Я тебя не трону до ночи, зелёненький. Просто поглажу, поношу на руках. Мне этого хватит после всего. И перед всем.

Пусть будет пауза, я сейчас отнесу тебя к морю. Ты погреешься на солнышке, я тебя макну, поплаваешь у меня. Раз ты уже зажила, будешь плавать, никаких скидок. А потом отнесу к себе. И после ужина! И после завтрака! И после обеда! Нет, после завтрака придёт врач. Я должен взвесить тебя, напомни, если забуду.

Носил её по комнате:

— Ты мой лягушонок, маленький, зелёненький, послушный, мой, мой, мой! Ну, скажи — мой?

— Твой, конечно, Олег!

— До последней клеточки?

— До последней…

— Нет, идём на пляж, а то понесу к себе.

Опять макал её в море, и радовался, когда на от страха прижималась к нему. Отнёс на берег, положил на лежак. Сел рядом. Она послушно лежала под вечерним солнышком, а он выкладывал мокрым песком своё имя у неё на спине.

— Какая буква?

— «О»…

— Молодец, хоть грамоте учить тебя не надо. А эта?

— «Л»

— Сейчас, я допишу. Можешь прочесть всё слово?

— Олег…

— Какой знак в конце?

— Восклицательный.

— Теперь с выражением, что я написал?

— Олег!

— Я сплаваю, а ты лежи, не шевелись. Пусть высохнет и впитается в каждую клеточку. Тогда смою. А пока лежи мне!

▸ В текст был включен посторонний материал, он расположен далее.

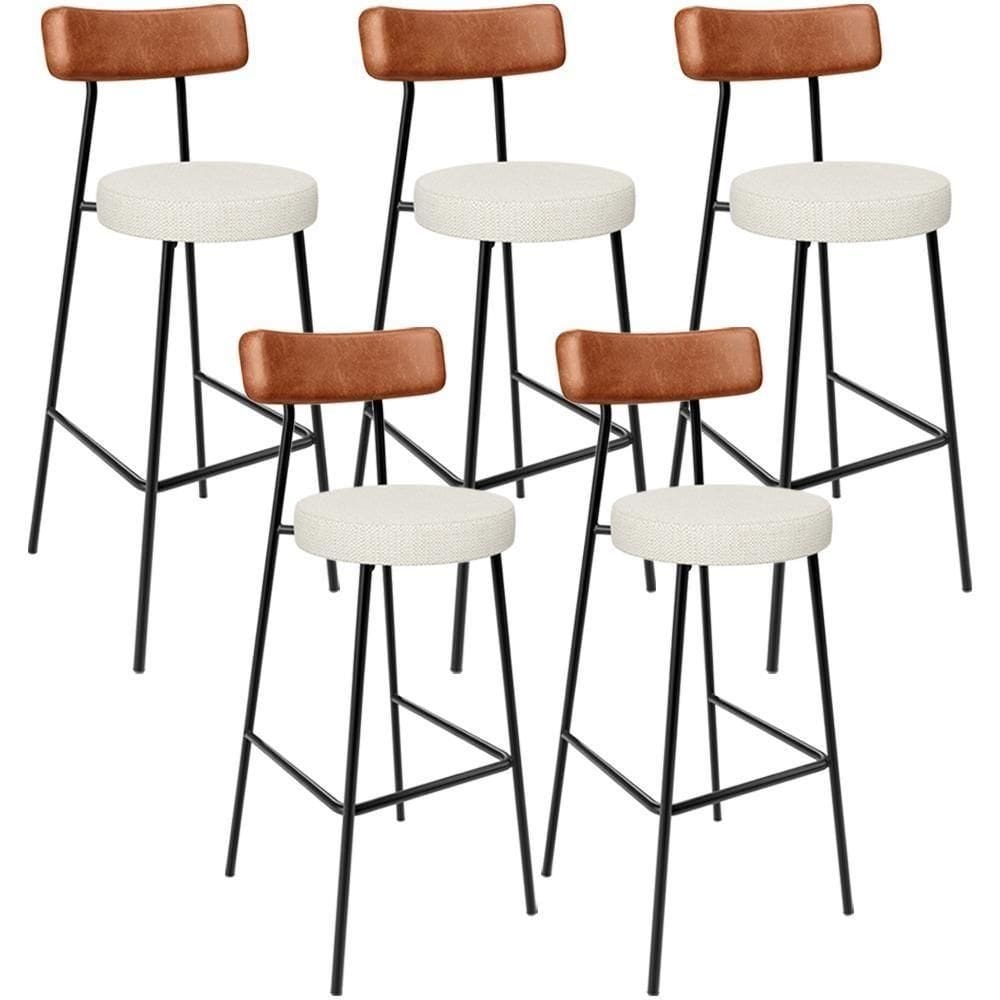 Kit 05 Banquetas Alta Cozinha Sala Jantar Milão L02 Couríssimo Camel Linho Champagne - Lyam Decor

Она и лежала. Не пожалел песка на своё имя. Мокрый, он был тяжёлый, а когда начал подсыхать, стягивал кожу. Но она терпела почему-то.

Когда вернулся, буквы окаменели, кожа под ними натянулась.

— Вот. Застыло накрепко. Ты запомнила, каждой клеточкой?

— Да, Олег.

— Смотри, а то снова напишу. Как присохло. Больно? Не так легко смывается, потерпи. Ты знаешь, кожа покраснела! Олег — красными буквами, здорово! Ну, куда ты теперь денешься от меня, под кожу точно впиталось. Плавай, я посмотрю. Не бойся, здесь всегда можно стать на дно. Раз ты зажила, больше никаких поблажек! А я сплаваю до буйка.

А ей, когда он был не рядом, не на расстоянии вытянутой руки, захотелось не плавать, а плакать. Поплакать, пока одна, пока он сплавает до буйка и вернётся к своему собственному лягушонку с красными буквами его имени на спине.

Расписался, и радуется, как мальчишка. Всё, его сухарик.

Каждая клеточка? Каждая, Олег! Она и правда целый день твердит его имя, и оно отзывается оглушительным эхом во всём её существе.

Он спрашивал, вошло ли в каждую клеточку? Вошло, до того, как он написал. Хотелось плакать, но слёзы были сладкими. Она пошла к берегу, не оглядываясь.